▸ Work to complete:
Your task is to transcribe exactly, and only, the lines running from the one with "Gold Dragonfly &" to the end of the listing below, inclusive, with every picture left out.

▸ Data shown:
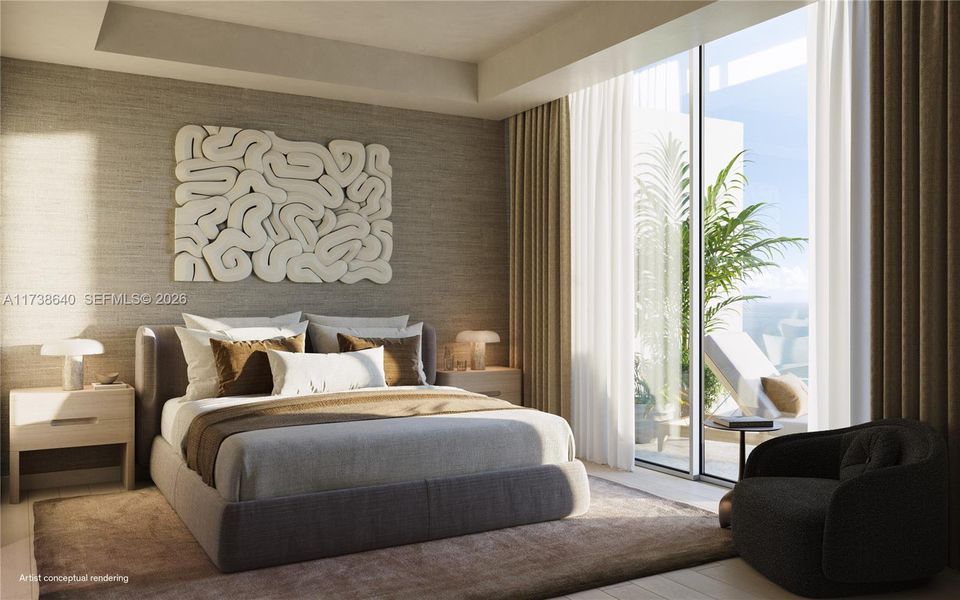 Furnished interior view inside a new home in Icon Beach Residences, Hollywood (Image 6).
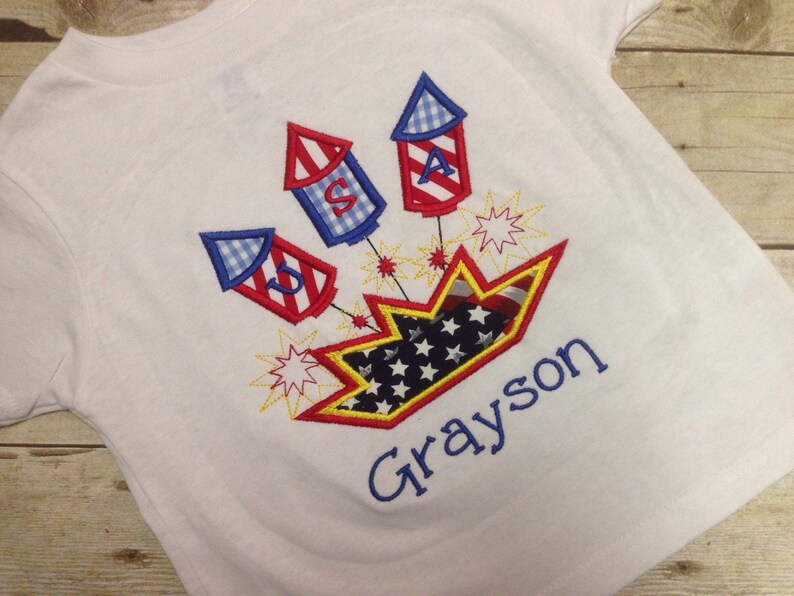 Boys Personalized July 4th Fireworks Shirt/Personalized Fourth of July Shirt/Fire Cracker Shirt/ Flag Shirt/ USA shirt/ American Flag Shirt image 2
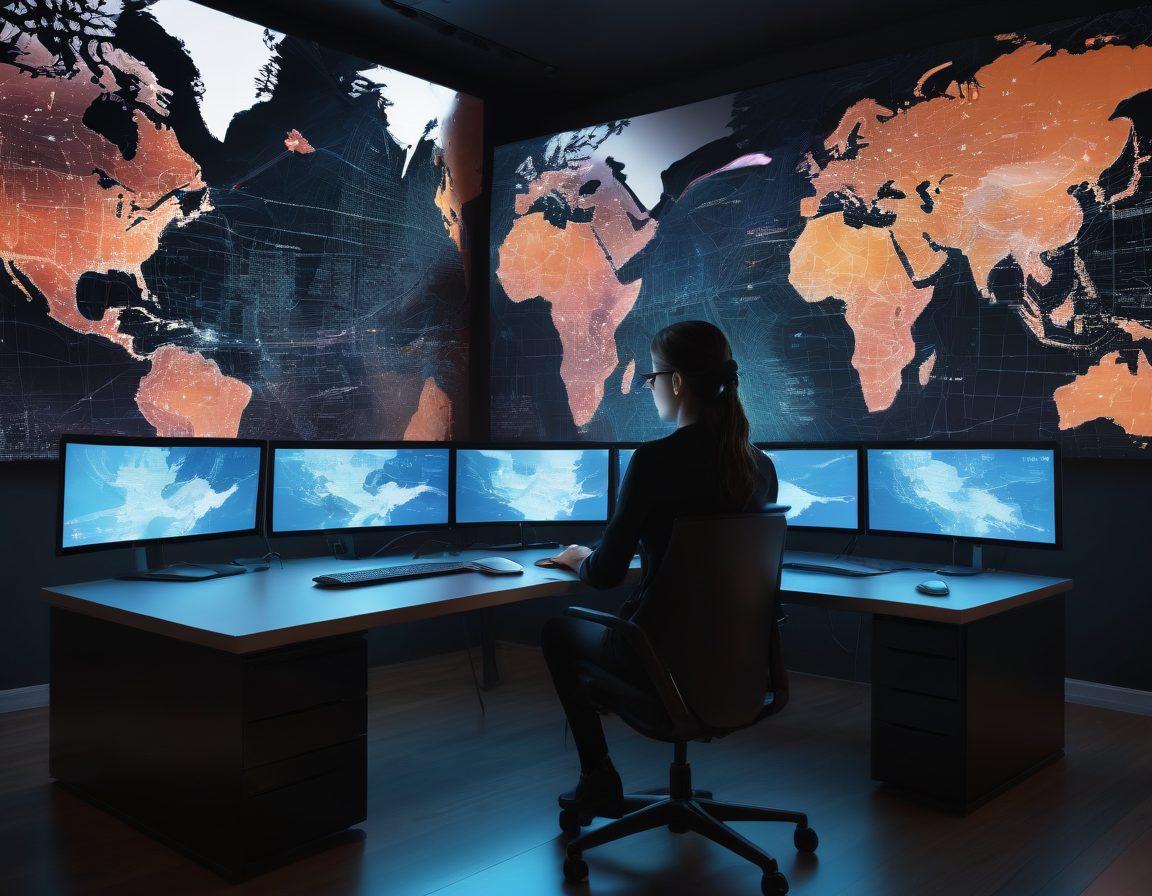 A person sitting at a sleek modern desk, surrounded by digital screens displaying encrypted code and world maps, symbolizing global internet connectivity. In the background, there are chains breaking, representing freedom and security on the web. Soft ambient light illuminates the room, creating a tech-savvy atmosphere. The scene conveys empowerment and exploration in a digital landscape. super-realistic. vibrant colors. 3D.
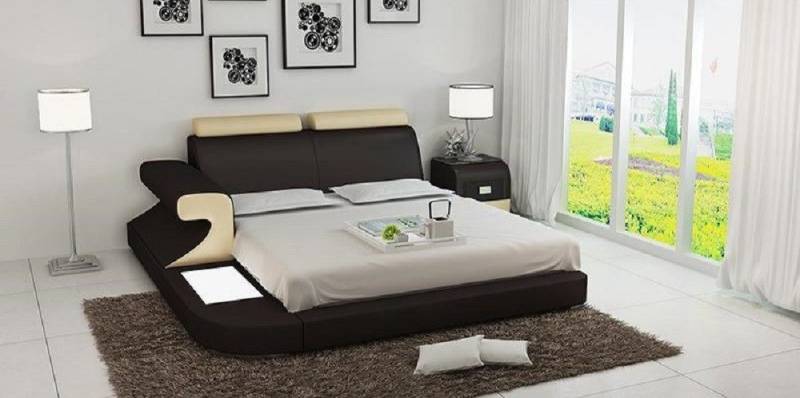 Xlmoebel Polsterbett Elegantes LED-Bett für Paare in verschiedenen Größen (Bett LB8809), Hergestellt in Europa von Xlmoebel
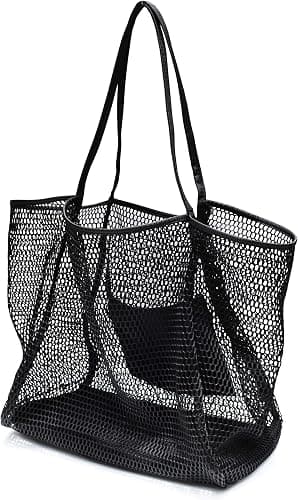 Mesh Strand Tote Dame Skulder Håndtaske
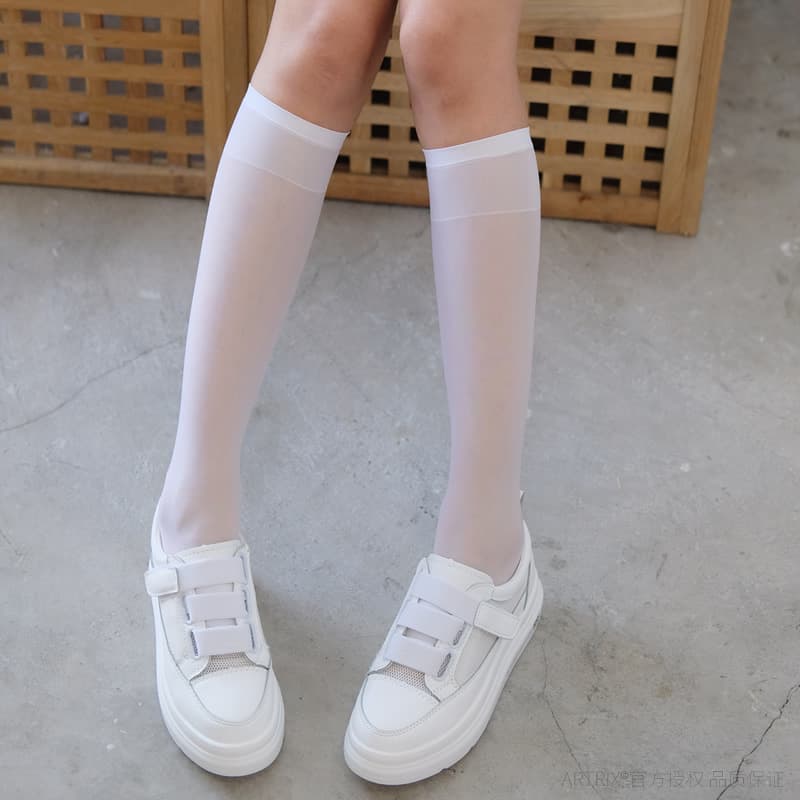 Velvet Core Silk Calf Socks, Mid-Calf Socks, High-Tube Socks, Transparent White Half-Length Socks, Long Knee-High Socks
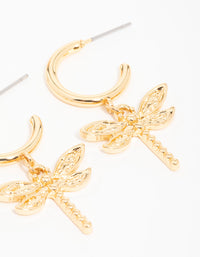 Gold Dragonfly & Flower Drop Earrings 2-Pack - link has visual effect only
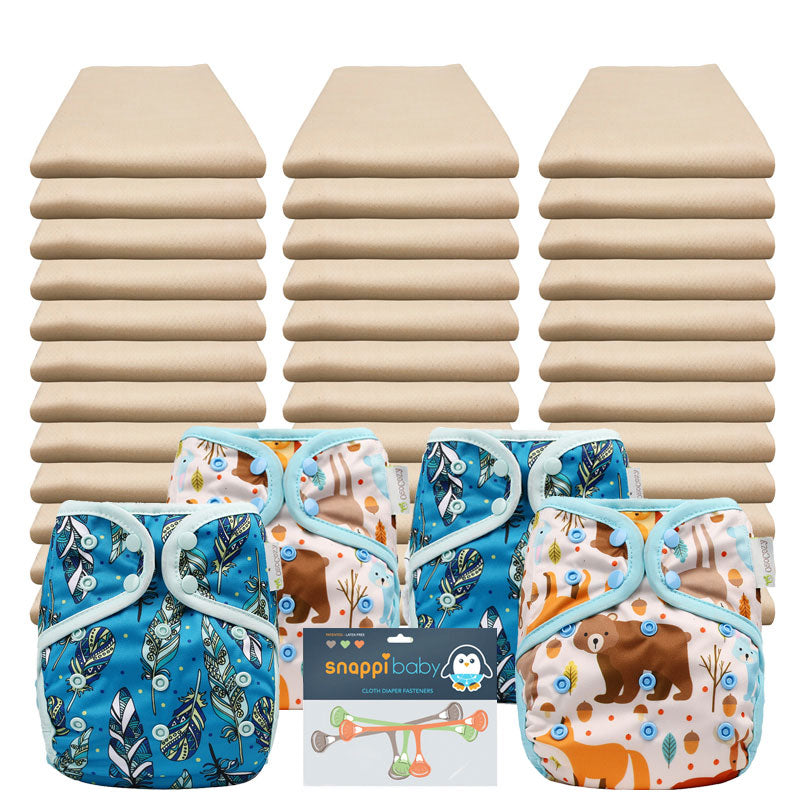 Organic Flat Economy Diaper Packages with OsoCozy Covers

▸ Solution for this problem:
 Gold Dragonfly & Flower Drop Earrings 2-Pack - link has visual effect only
 Organic Flat Economy Diaper Packages with OsoCozy Covers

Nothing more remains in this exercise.